The Company’s income tax returns are subject to the various tax authorities’ examination. The federal, state and local authorities of the United States may examine the Company’s income tax returns filed in the United States for three years from the date of filing. The Company’s US income tax returns since 2017 are currently subject to examination.

 

Inland Revenue Department of Hong Kong (“IRD”) may examine the Company’s income tax returns filed in Hong Kong for seven years from date of filing. For the years 2012 through 2019, HKJI did not report any taxable income. It did not file any income tax returns during these years except for 2014 and 2018. For companies which do not have taxable income, IRD typically issues notification to companies requiring them to file income tax returns once in every four years.
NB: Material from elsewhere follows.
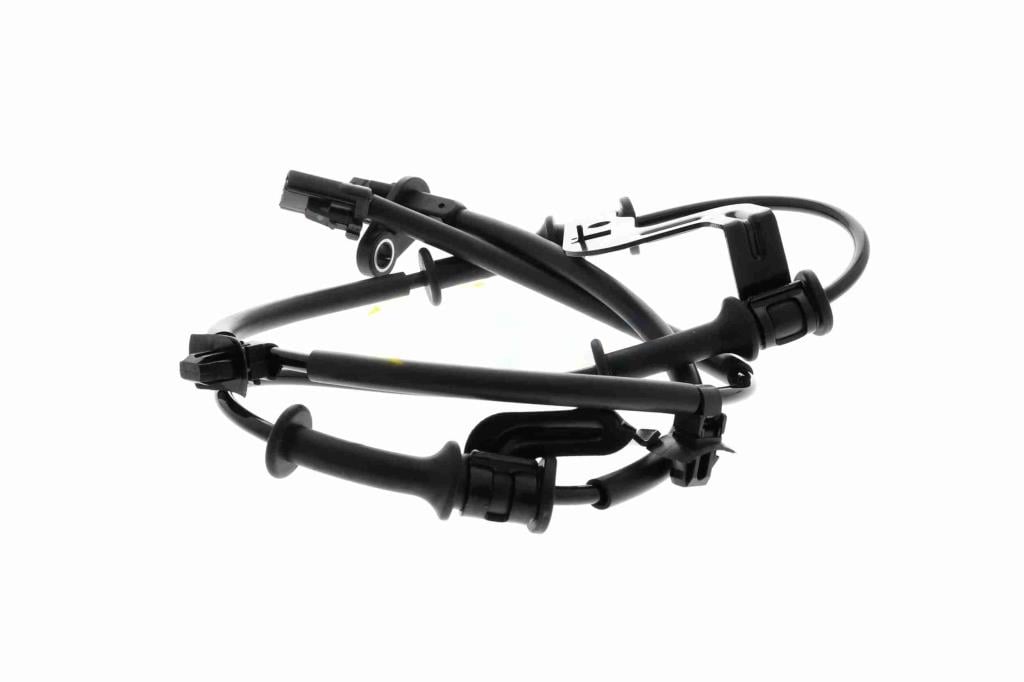Capteur ABS (Capteur de vitesse de roue) VEMO ref. V52-72-0261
The tax returns for 2014 and 2018 are currently subject to examination.

 

The components of the provision for income tax benefit (expense) from continuing operations are:

 

                 
   Three-Month Period Ended March 31,
   2022  2021
       
Current taxes – PRC  $   $ 
Deferred tax – PRC entities   95,695    743,709 
Deferred taxes – US entity       15,957 
Change in valuation allowance       (15,957)
Tax Expense Benefit  $95,695   $743,709 

 

Significant components of the Company’s deferred tax assets and liabilities at March 31, 2022 and December 31, 2021 are as follows:

 

   March 31,  December 31,
   2022  2021
Deferred tax liabilities  $   $ 
           
Deferred tax assets:          
Exploration costs   1,961,124    1,952,783 
PRC tax losses   19,618,132    19,621,674 
US federal net operating loss   1,322,647    1,308,335 
Total deferred tax assets   22,901,903    22,882,792 
Valuation allowance   (10,005,411)   (9,982,758)
Net deferred tax asset  $12,896,492   $12,900,034 

 

The increase in valuation allowance for the three-month period ended March 31, 2022 is $22,653.

 

The decrease in valuation allowance for the three-month period ended March 31, 2021 is $86,964.

 

There were no unrecognized tax benefits and accrual for uncertain tax positions as of March 31, 2022 and December 31, 2021 and no amounts accrued for penalties and interest for the three months ended March 31, 2022 and 2021.